The chickens will need to cook anywhere from 3 to 4 hours on the smoker, so be sure to give yourself enough time to smoke them properly or else you will be rushing them and not getting the full effect of the flavor a smoker can offer.
Prior to placing the chicken on the smoker, you will want to add some spices. There are many good recipes out there, but I will let you in on my little secret… McCormick’s Rotisserie Chicken seasoning… It’s pretty good stuff. Cover your chicken in spices, being sure to get some under the skin, directly again the meat. I also put some Cajun seasoning on one of the chickens, just to see how it turned out. Play around with your spices and don’t be afraid to experiment a little bit.
To build my fire, I like to use lump charcoal and odorless lighter fluid. I think this burns a little better and has fewer “chemical” orders to that can potentially impart themselves onto the food.

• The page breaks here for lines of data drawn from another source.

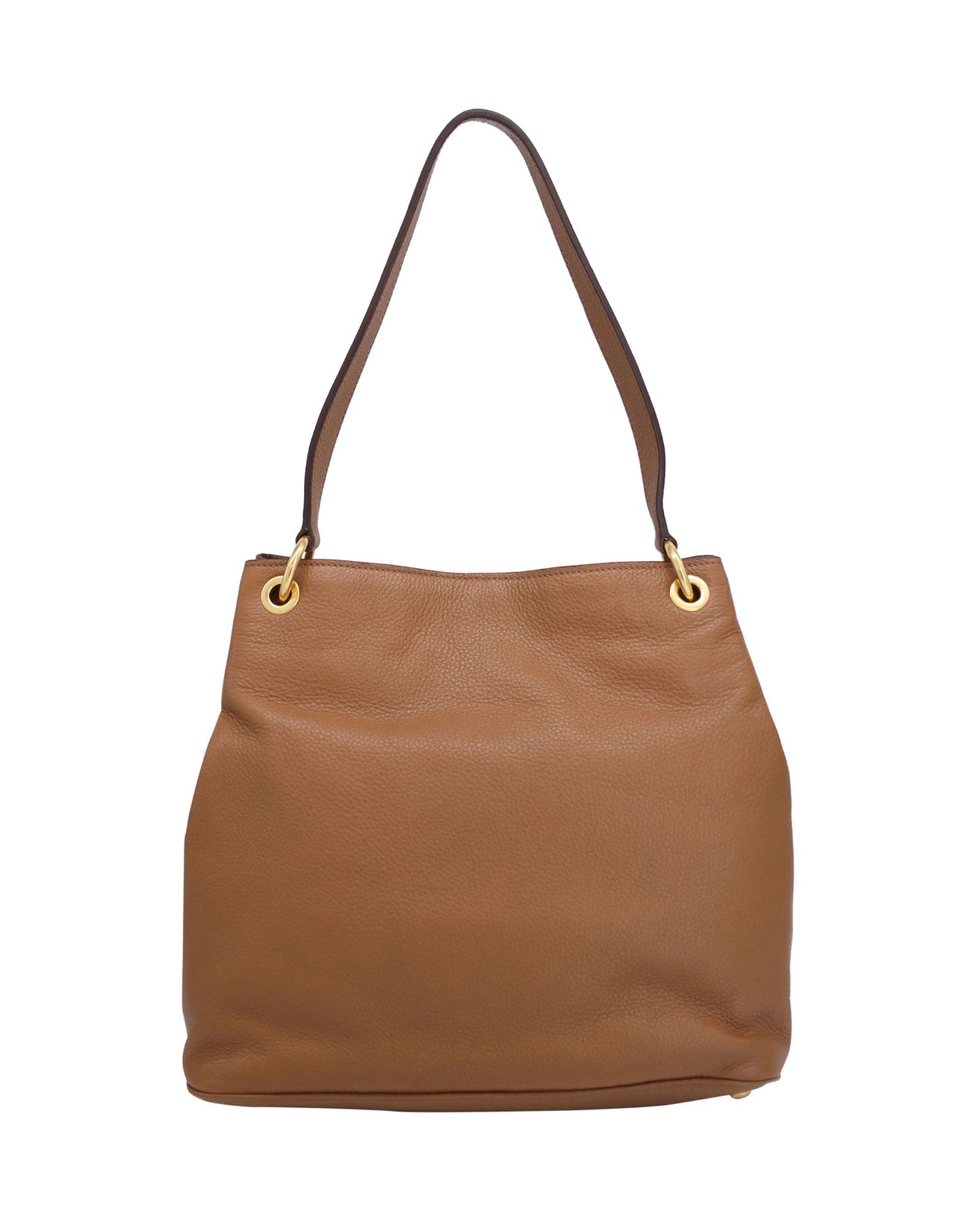 StrapStory - Crossbody 3544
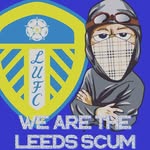 Dave Street - @davestreet62 - Instagram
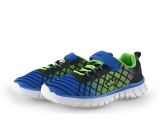Lico Sneakers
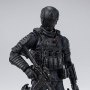 CRM Soldier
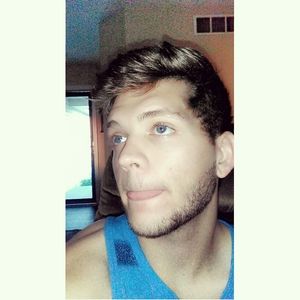 Meet your Posher, Don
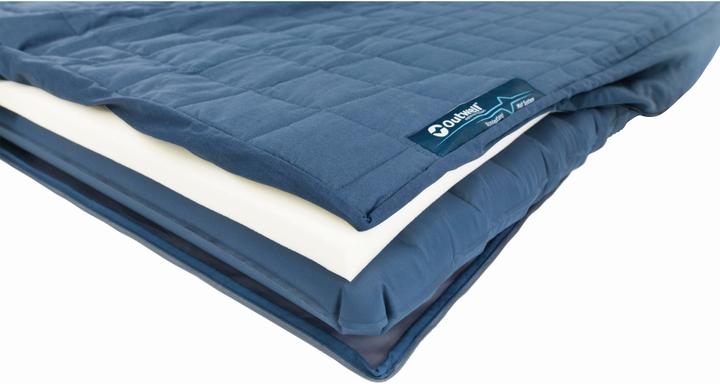 Image du produit Outwell Wonderland Double
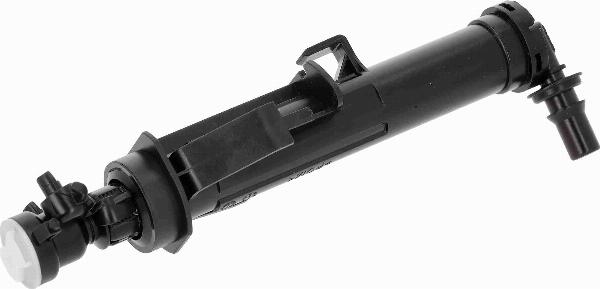 Vemo V10-08-0040 - Розпилювач, форсунка, система очищення фар autocars.com.ua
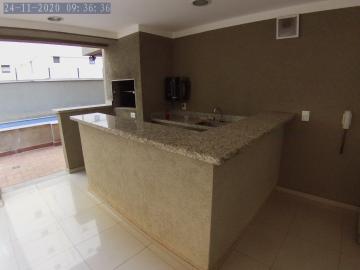 Alugar Apartamento / Cobertura em Ribeirão Preto R$ 2.300,00 - Foto 19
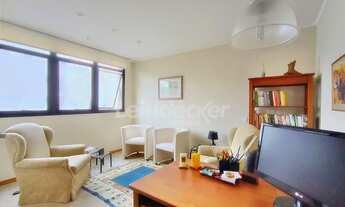 Imagem 4: Escritório para alugar no bairro Petrópolis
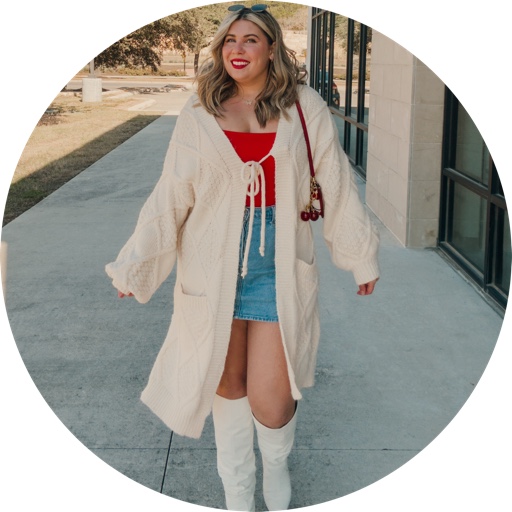 Intiffscloset on LTK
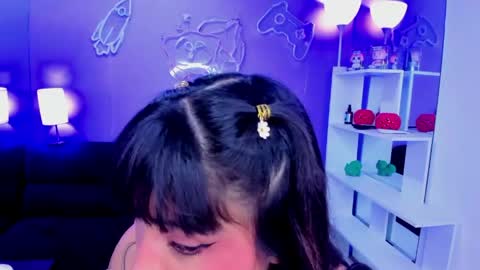 Emma Monserratt online show from 05/04/26, 11:17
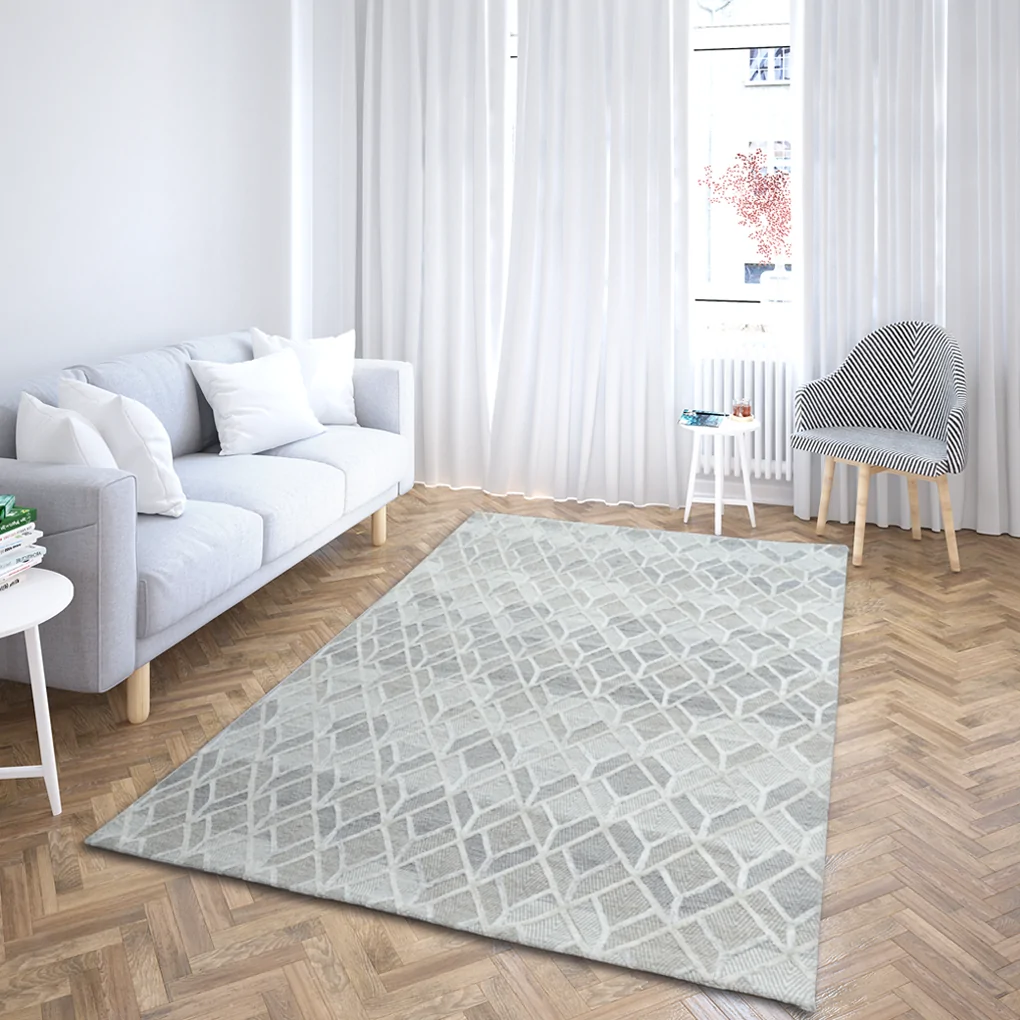 Thảm Medina-MD-38 1M4X2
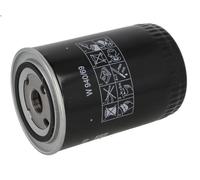 Oil filter MANN-FILTER W 940/69 for MULTICAR M31 2.998 2013-2016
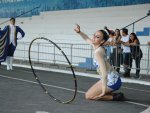 Fotos de 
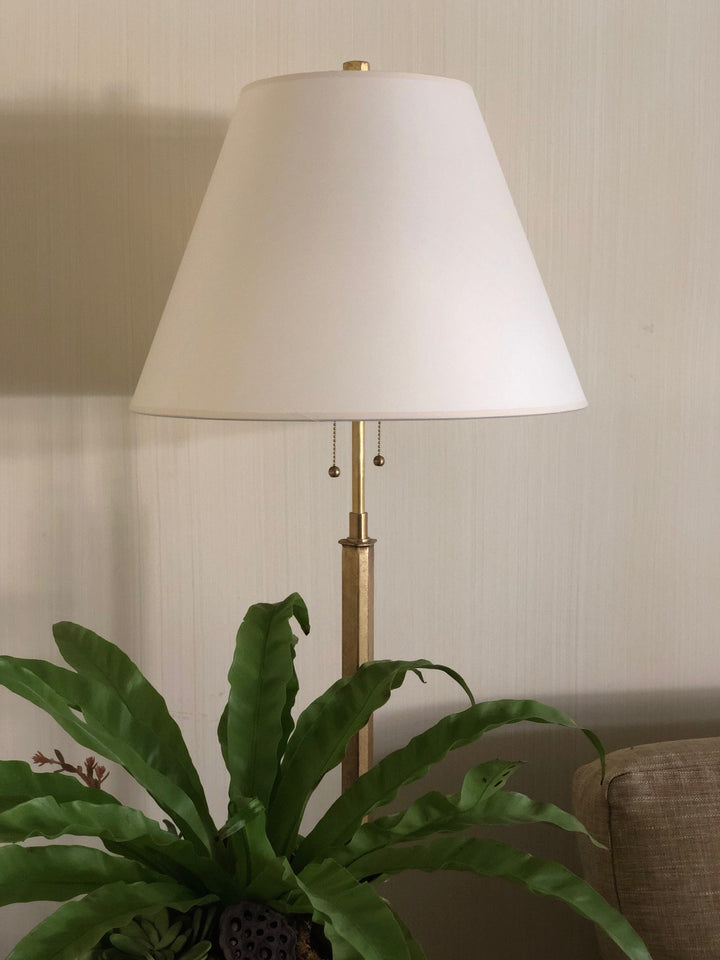 Paper Shade (Shell Color)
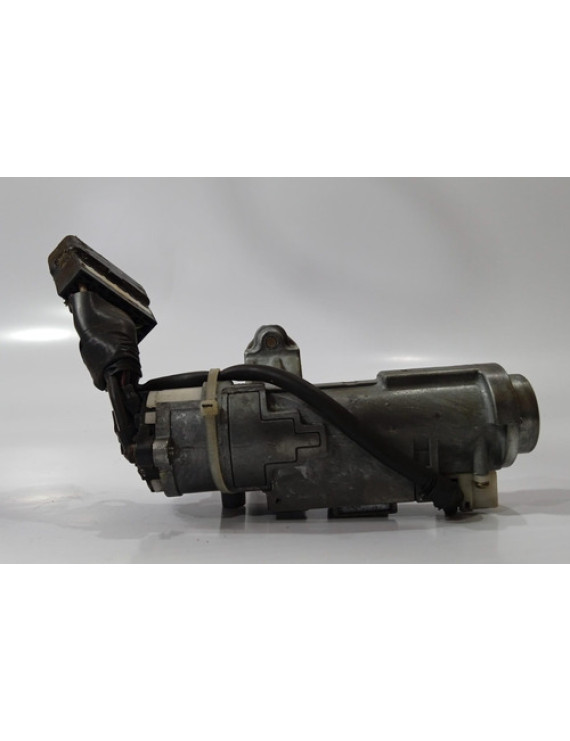 Cilindro Ignição Toyota Prévia 1990 - 1999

Build your fire just as you would any other charcoal fire. Once your fire if hot, add your smoking wood. Place the chickens on the grill. I added some pineapple juice to a can near the firebox, so that it would evaporate and keep the chicken moist. I then placed the pineapple slices on the rack above the chickens, so that juices could drip out of the slices down onto the chickens.
Now comes the waiting part. You want to keep your smoker putting out a small to medium amount of smoke for the next 3 to 4 hours. You will also want to keep the temperature between 275 and 300 degrees Fahrenheit. Flip the chicken once during cooking. Cook until the internal temperature of the breast meat is at least 165 degrees.
There are many recipes out there for smoking chickens. Many of them are tasty, but complicated. This is a simple, yet very tasty recipe for smoked chicken that almost anyone can do.